S’il est sûr que Nicolas Sarkozy ne sera pas battu par François Mitterrand, l’histoire semble néanmoins se répéter une nouvelle fois. En effet, Nicolas Sarkozy a été élu sur le thème de la rupture et du pouvoir d’achat. C’est certainement grâce à cela qu’il a obtenu 54 % des voix. Avec une telle avance, il pouvait donc mener la rupture tant annoncée en six mois. Celle-ci passait notamment par une forte baisse de la pression fiscale pour tous (entreprises et ménages, favorisés ou non) et simultanément par une baisse au moins aussi importante des dépenses publiques, notamment celles de fonctionnement.

Malheureusement, pour des raisons diverses et variées, tel n’a pas été le cas et nous avons perdu ces six mois post-électoraux cruciaux pour pouvoir engager la rupture dont la France a besoin.

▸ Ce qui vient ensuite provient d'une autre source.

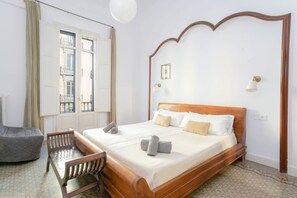 7 bedrooms, iron/ironing board, travel cot - Unique & Stylish Townhouse / Paseo de Gracia (08037 Barcelona)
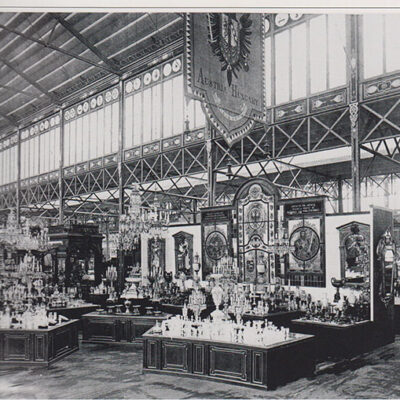 Stand der Firma Lobmeyr in der International Exhibition Philadelphia, 1876 © J. & L. Lobmeyr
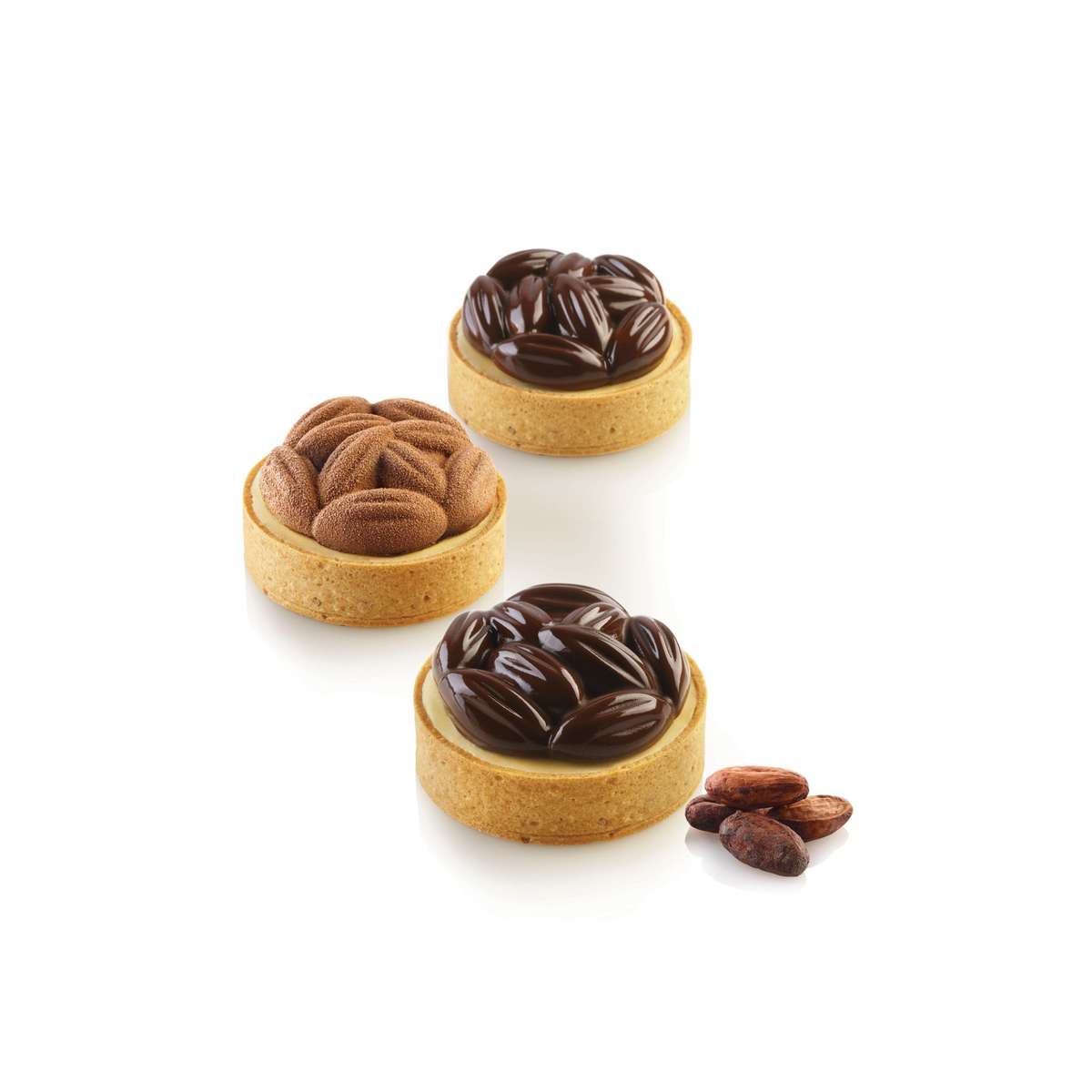 Tartelettes individuelles au chocolat avec décor en forme de fèves de cacao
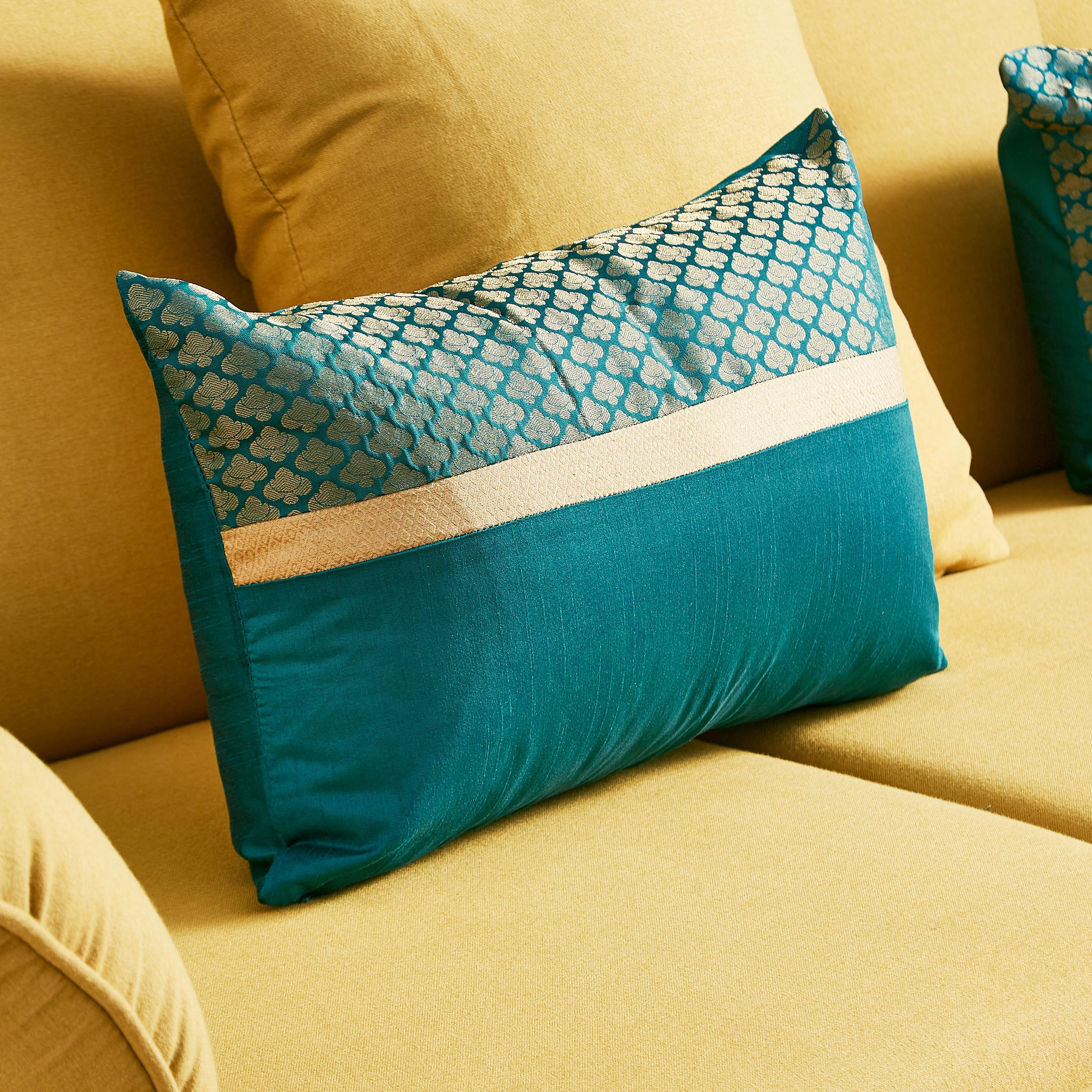 غطاء وسادة بتصاميم متداخلة جاكار من يانا - 30x50 سم-hbxhomeware-cushionsandcovers-cushioncovers-image-1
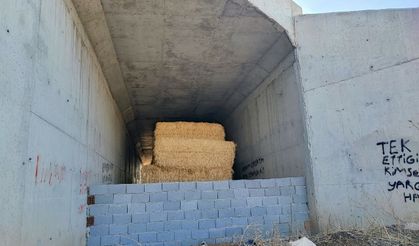 Adana'da Bitmeyen Köprü Samanlık Olarak Kullanılıyor...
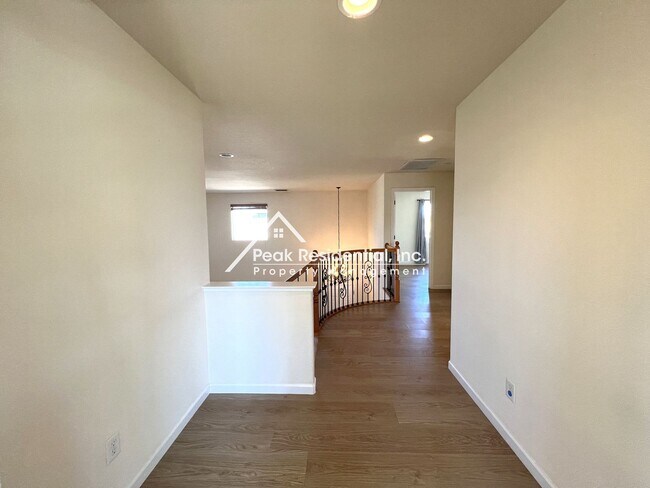 Building Photo - 8220 Sheldon Pl Dr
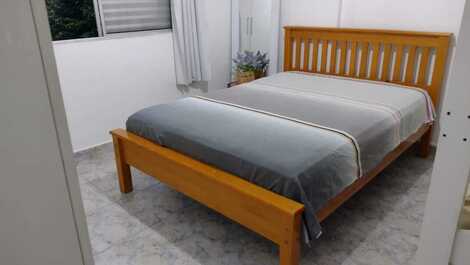 1 dorm Guilhermina. Wifi, aceito pet pequeno porte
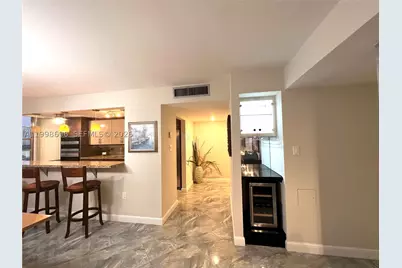 18041 Biscayne #1104, Aventura, FL 33160 - Photo 17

Une fois cette période passée, le ressort était déjà distendu. Ensuite, la crise financière s’est aggravée, ruinant à peau de chagrin les chances d’engager l’Hexagone sur le chemin des vraies réformes économiques.

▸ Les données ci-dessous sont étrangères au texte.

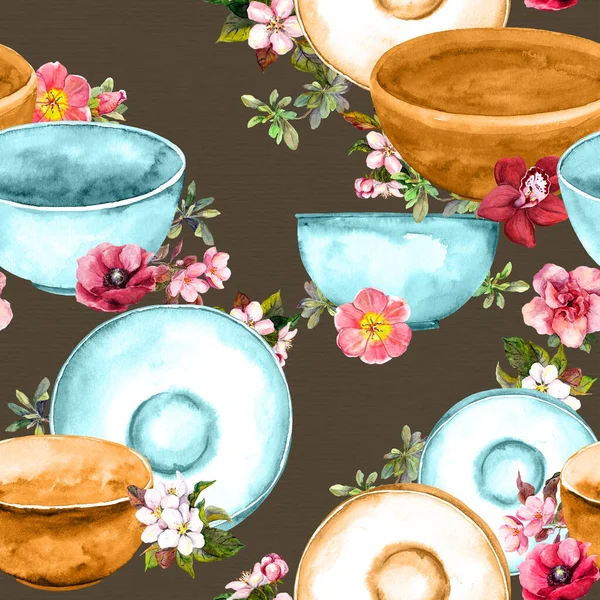 Чаши, тарелки и цветы. Бесшовный узор с кухонной утварью, посудой на черном фоне. Акварель — стоковое фото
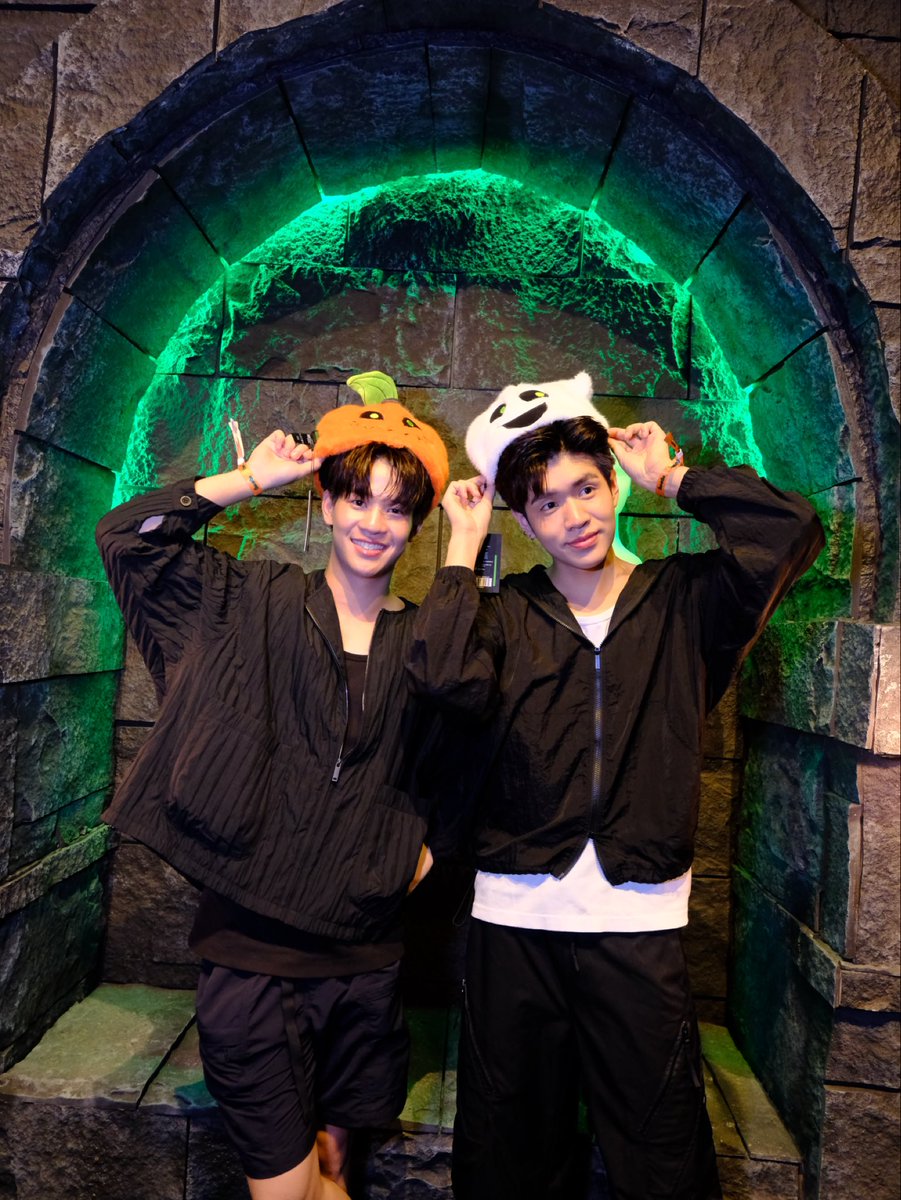 MojoMuse_MMM's tweet image. 🕯️ ประตูปราสาทกำลังเปิด… 👁️
“กอล์ฟ คุณาวุธ” และ “ปีเตอร์ ปรัตถกร” ชวนคุณหลุดเข้าโลกสุดลึกลับใน Under The Castle บ้านผีสิงแฟนตาซีเสมือนจริงครั้งแรกในไทย!
📍 ณ EMSPHERE ชั้น 5 — พร้อมหรือยังที่จะเผชิญหน้ากับความกลัว…? 👻 (2)
#UnderTheCastleThailand #UTC #UnderTheCastle2025…
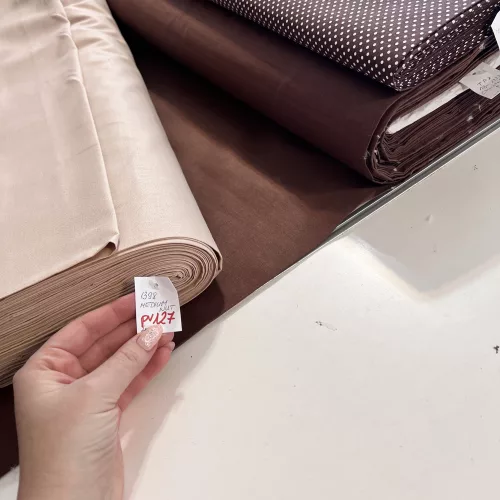Csokibarna egyszínű pamutvászon (Chocolate B. TPX 18-1222)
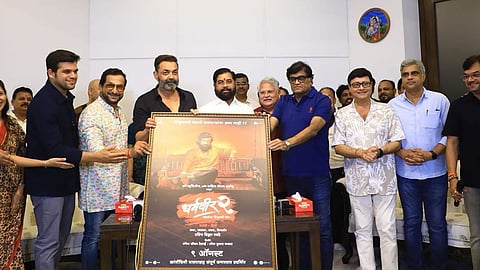 PHOTOS- मुख्यमंत्री एकनाथ शिंदेंच्या हस्ते 'धर्मवीर २'चं पोस्टर लॉन्च, रिलीज डेटही केली जाहीर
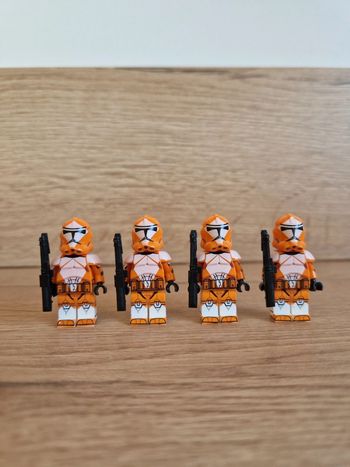 Figurines type lego 4 clones de la 212ème star wars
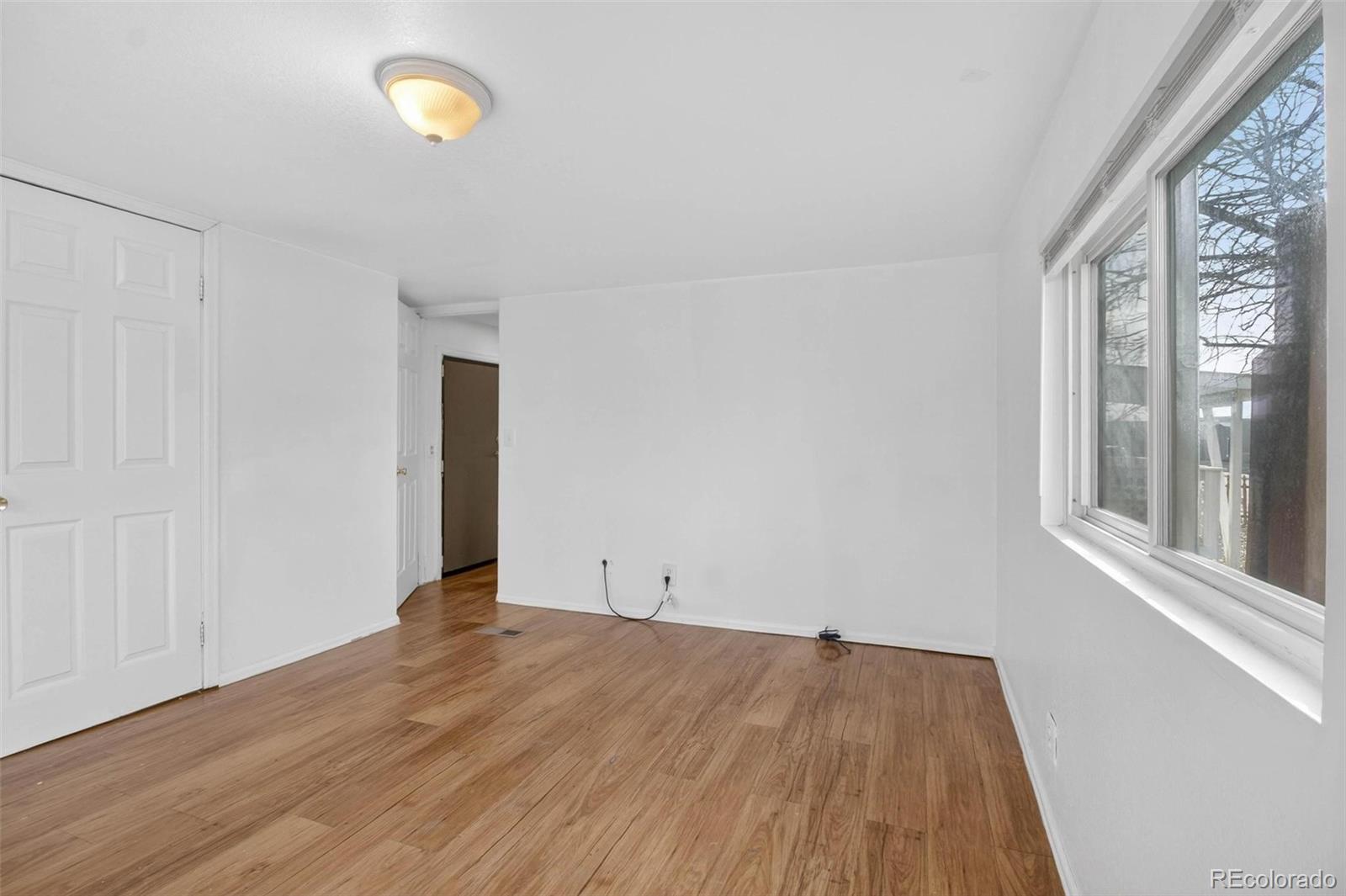4903 E 96th Place Denver CO 80229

Aujourd’hui, la France s’installe dans la récession et ce au moins jusqu’à l’été prochain. Dès lors, la rupture est en train de devenir un vieux rêve. D’ailleurs, l’idée de laisser déraper le déficit public est de plus en plus avancée. Si tel est le cas, cela accroîtra la colère des Allemands à notre égard, réduira la crédibilité économico-politique de la France et cristallisera une crise politique européenne qui est déjà présente depuis 2003, c’est-à-dire depuis l’engagement de l’Allemagne sur la voie des réformes massives, tandis que la France n’a cessé de les refuser.

Les conséquences de ces manquements ne se sont pas fait attendre : depuis 2002, la France est la lanterne rouge de la croissance de la zone euro (avec l’Italie et le Portugal). Quant à 2008 et 2009, la croissance hexagonale peinera à dépasser les 1 %, tandis que son déficit budgétaire dépassera allégrement les 3 % du PIB.

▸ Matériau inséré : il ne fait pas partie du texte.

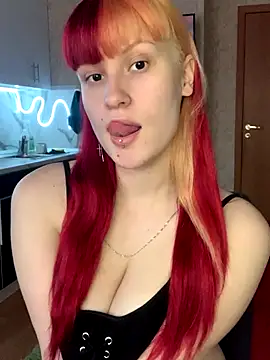 Snapshot of Sweet_white_chocolate chatting on October 2025 07:04:02 AM Sweet white chocolate online show from October 2025 07:04:02 AM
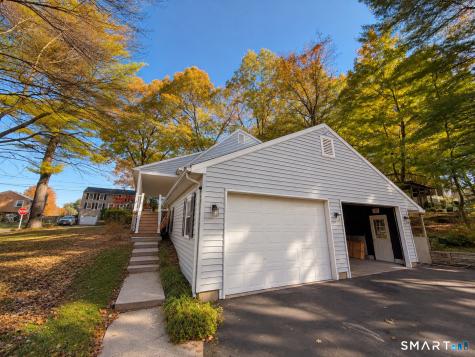 50 East Shore Boulevard Farmington CT 06085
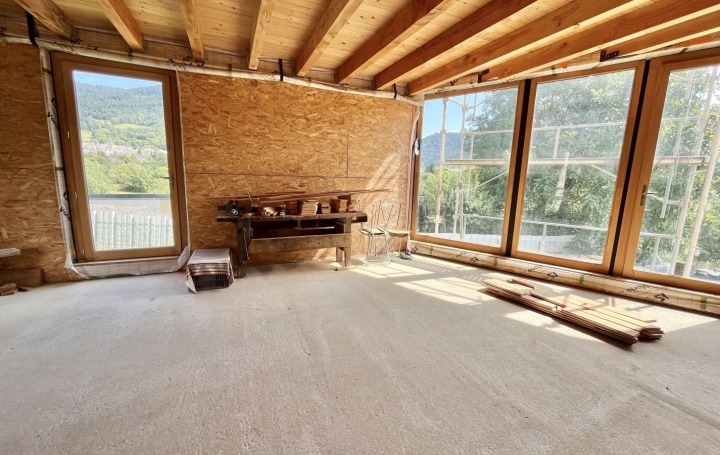 Maison SAINT-ETIENNE-DU-VALDONNEZ (48000)  96 m2 156 000 € 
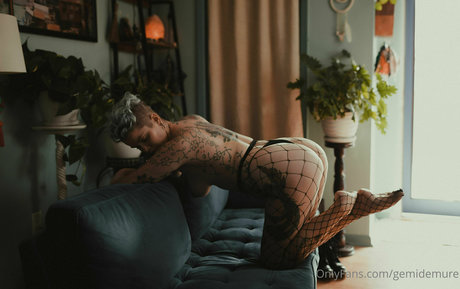 gemidemure naked star archive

Face à ces constats déplorables, seuls des sentiments de déception et de gâchis peuvent émerger et ce, au sein même des partisans de l’actuelle majorité, sachant qu’il faut reconnaître que l’opposition n’aurait certainement pas fait mieux. Dans ce cadre, plutôt que de se focaliser sur les méchants « voyous » de la finance et sur les difficultés américaines, les dirigeants français devraient plutôt penser à dire la vérité aux Français et à leur expliquer comment ils comptent sortir de la crise, si possible en conservant une certaine cohésion européenne. Sinon, ce n’est pas seulement la santé économique de la France qui est en question mais aussi la stabilité de la zone euro.